О, страшная смерть без тленья,
Ненасытный червь темноты…
Я к богу взывал о спасенье
Но мне отвечала ты…
Кто — «ты»? Муза? Жена? Возлюбленная?
Не уточняется. Ясные очертания могут потащить за собой в стихи ту реальность, которую надо забыть, забыть, забыть.
«Звезды, одиночество, стихи, ангелы, бессмертие, усталость».
И все-таки сквозь немоту — проступают очертания. И тогда Владимир Смоленский перекликается с другими поэтами, прокричавшими о реальности яростно и ясно. «Все давным-давно просрочено, пропито давным-давно» — сигнал Волошину. «И полные веры и страсти, по нашим идя черепам, получат то самое счастье, что было обещано нам» — сигнал Хлебникову. «На расстрел Россия меня отдаст» — сигнал Набокову. А сквозящая в стихе презрительная и равнодушная улыбка, словно из зеркальной тьмы — последний поклон любимому учителю, гению горечи, Ходасевичу.
А это зависание на границе тьмы и света: «От любви, что темна, от тоски, что светла…» — кому сигнал? Может, в будущее — Владимиру Соколову, равно полюбившему светлые и темные воды милой родины и сказавшему об этом как раз в ту пору, когда там, за кордонами, в эмигрантском Зазеркалье — отходил в небытие другой Владимир — Смоленский.
И еще салют — Туроверову: для обоих Россия — это Дон, в котором отражены «четыре белые колонны» фамильного имения. Впрочем, и у Поплавского: «огромная в темноте колоннада сходит к воде», но там это мистическая вода Зазеркалья, и ничего реального… А здесь? Что реально у Смоленского?
Утрата.
На самом взлете выдохнуто, навсегда вписано в синодик русской лирики:
…Чем голос был глуше и тише,
Тем явственней был ответ:
«Милый, я слышу, слышу,
Милый, спасения нет!»
2. Сон
Так хорошо! Уже не будет плоше
Тридцати двух лет жизни хватило Борису Поплавскому, чтобы стать «принцем» русского поэтического зарубежья. Его высоко ставили такие непримиримые друг к другу критические авторитеты, как Адамович и Ходасевич. Побеседовать с ним на метафизические темы в своем парижском салоне за честь почитал Мережковский. Цветаева просила его украсить своим выступлением ее поэтический вечер. О нем говорили: «близок к гениальности». Говорили, вот новый Блок: начинает с того, чем Блок кончил.
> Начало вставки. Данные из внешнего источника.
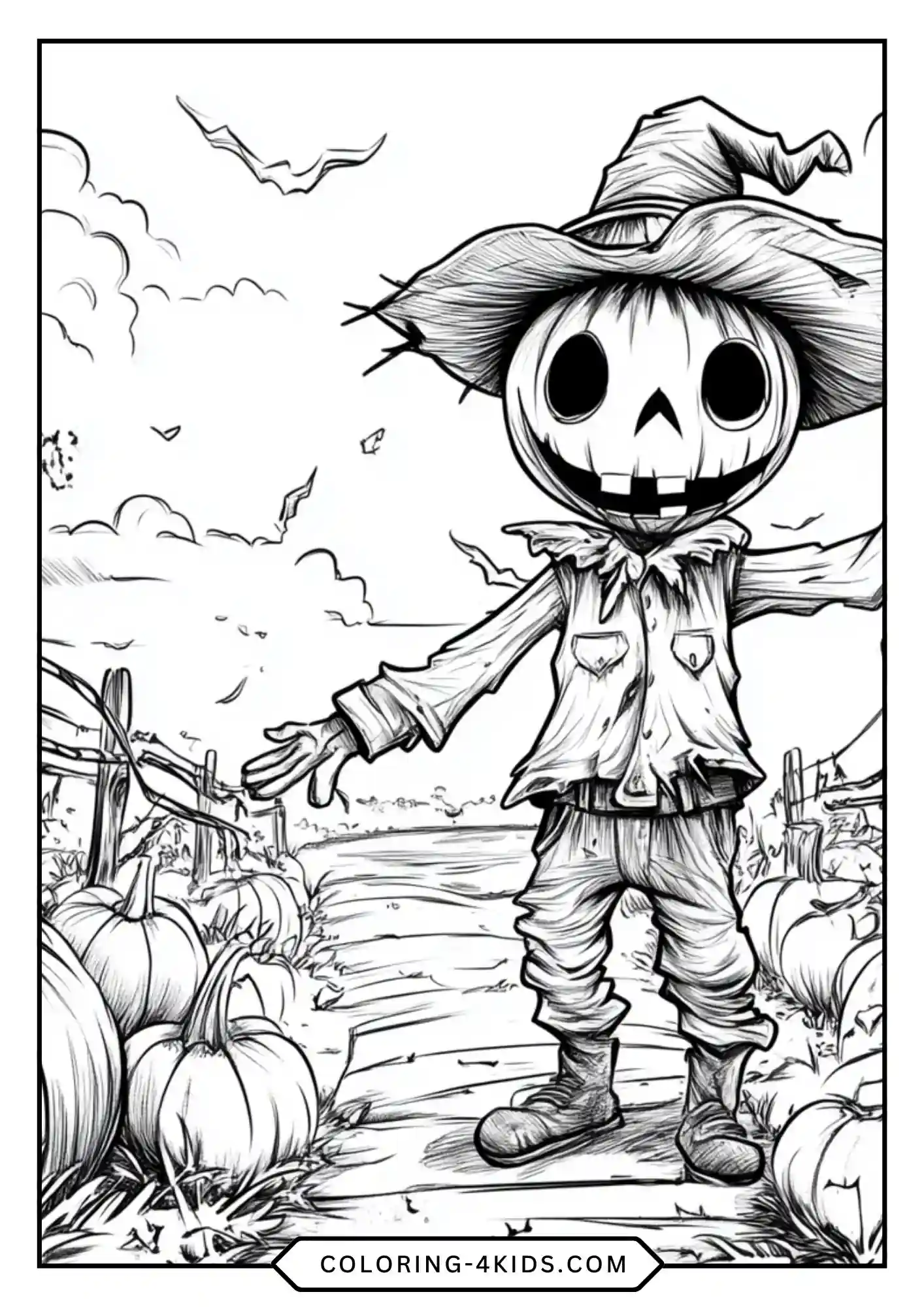 Free Scarecrow Coloring Pages coloring page for kids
Однако те же критики и почитатели называли Поплавского «нерусским поэтом». Говорили, что если бы не ранняя нелепая гибель, он вообще перешел бы на французский язык. Это не показалось бы странным: ученик московского Французского лицея знал язык Рембо как родной; в раннем детстве, путешествуя с родителями по Европе, он уже настолько забывал русский, что в Москве приходилось доучиваться.
Блок, кажется, так и остался единственным русским авторитетом в его духовном синодике. Ну, еще Розанов — мастер «нечаянных» записей. Остальное — сплошь французы. Сюрреалисты. Поэты всемирного абсурда. Акцент — на мертвецкой, усвоенный с времен Первой мировой войны, впрочем, без узкой исторической привязки. «Шкелет Шекспира продает билеты». Символическая строчка. Если у Поплавского солдаты, — то не с Марны, а из древнего Рима. Но больше — из паноптикума межвоенной Европы, где смешиваются эпохи, страны и жанры.